The Fed, in it’s FOMC meeting notes (September 2010 ), announced that it might be using quantitative easing again this year, with the market calling it QE2. In it’s September meeting, it echoed sentiments from its August meeting about the slowing economy and stated that the Committee is prepared to provide “additional accommodation” if necessary – codeword for quantitative easing .
Why is this notable? If the economy were really recovering as nicely as many of us would like to believe, then quantitative easing wouldn’t be necessary. If we’re back on track and we aren’t facing deflation, QE1 worked, and we should just continue on with business as usual.

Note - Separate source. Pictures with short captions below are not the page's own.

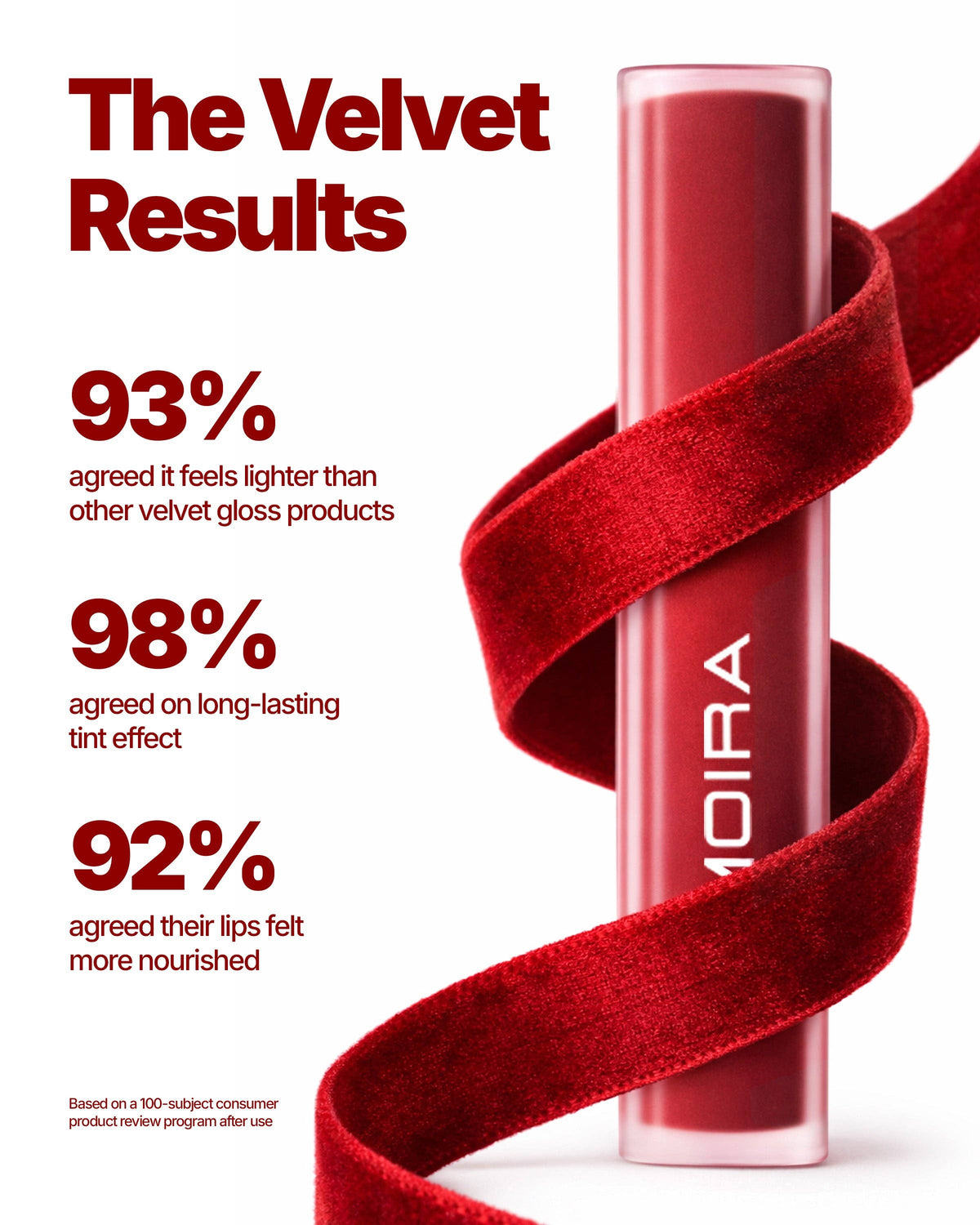 Velvet Air Lip Tint (008, Pep Talk)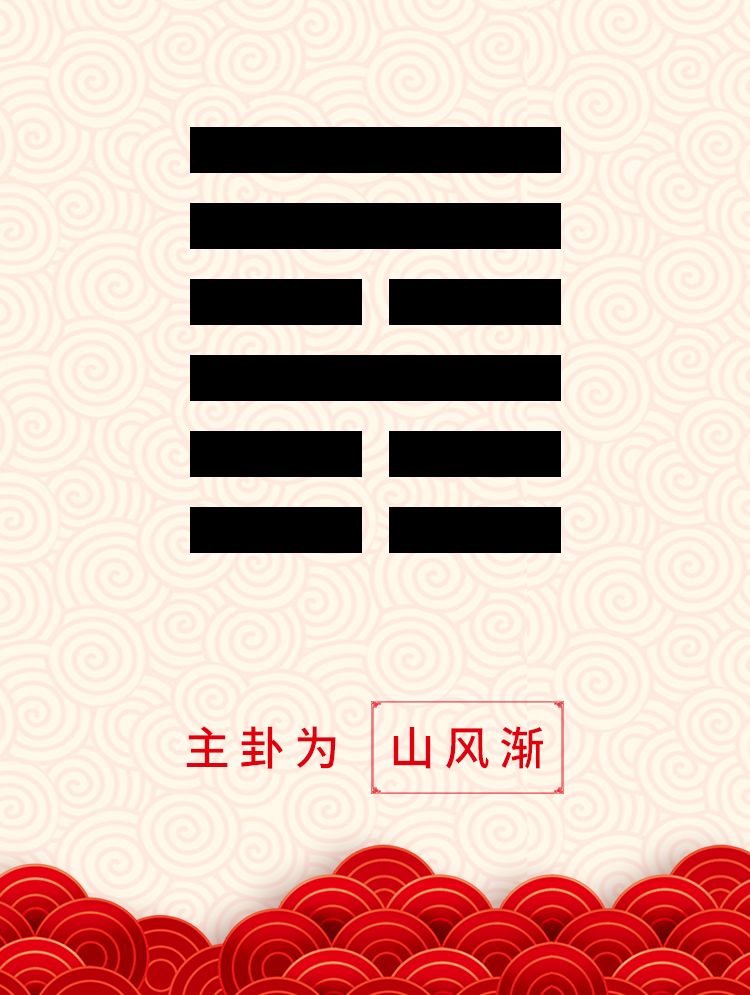 2020年大环境趋势预测，2020年如何防患于未然 图片9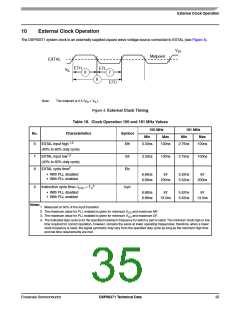 浏览型号DSPA56371的Datasheet PDF文件第35页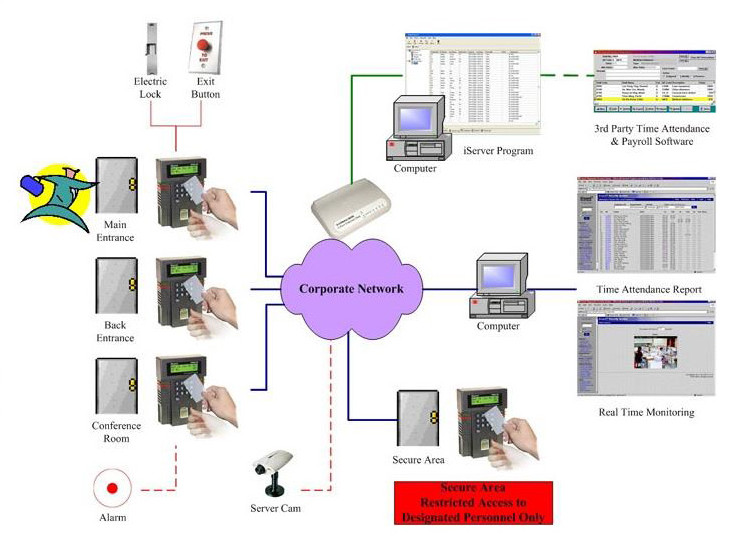 Access Control and Monitoring System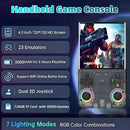 Consola de videojogos portátil retro R36S R36 Ultra com ecrã IPS, 128 GB de jogos, sistema Linux, R36 Ultra e R36 PRO.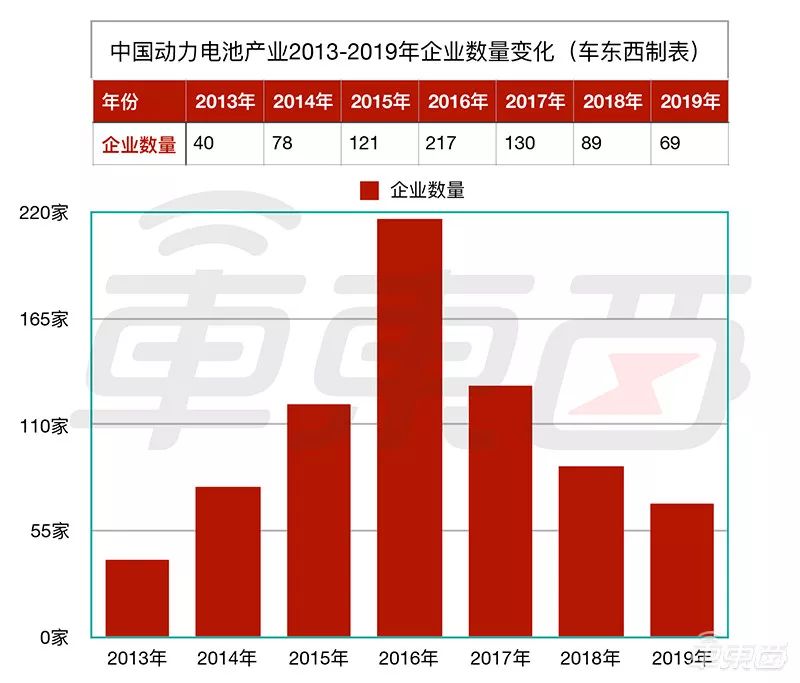  ▲2013年到2019年中國動力電池公司數(shù)量變化
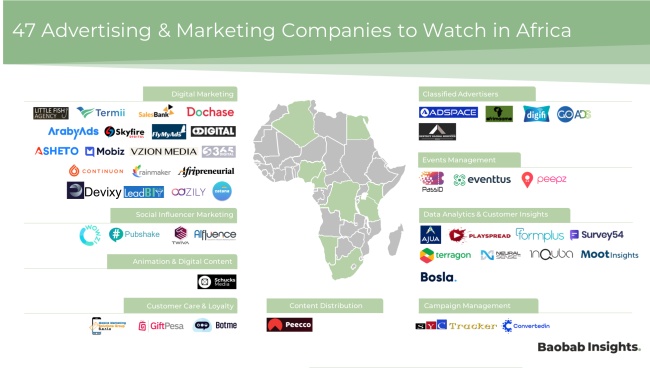 AdTech and Marketing Companies Market Map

By mentioning the potential for another round of quantitative easing, the FOMC introduces the idea that maybe we’re not recovering as nicely.
Don’t get too excited though, last week the WSJ said  that QE2 might not happen…
It’s also important to note that in the notes they said that “Information received since the Federal Open Market Committee met in August indicates that the pace of recovery in output and employment has slowed in recent months.” (matching what they said in August about June data) and “… the pace of economic recovery is likely to be more modest in the near term than had been anticipated.” (also matching August).
The zinger was this line – “The Committee will continue to monitor the economic outlook and financial developments and is prepared to provide additional accommodation if needed to support the economic recovery and to return inflation, over time, to levels consistent with its mandate.” That’s the one that seems to predict some future quantitative easing, potentially at November 2nd-3rd meeting today and tomorrow.
I suppose we’ll see what actually happens but the market has already priced in the fact that additional accommodations will be provided.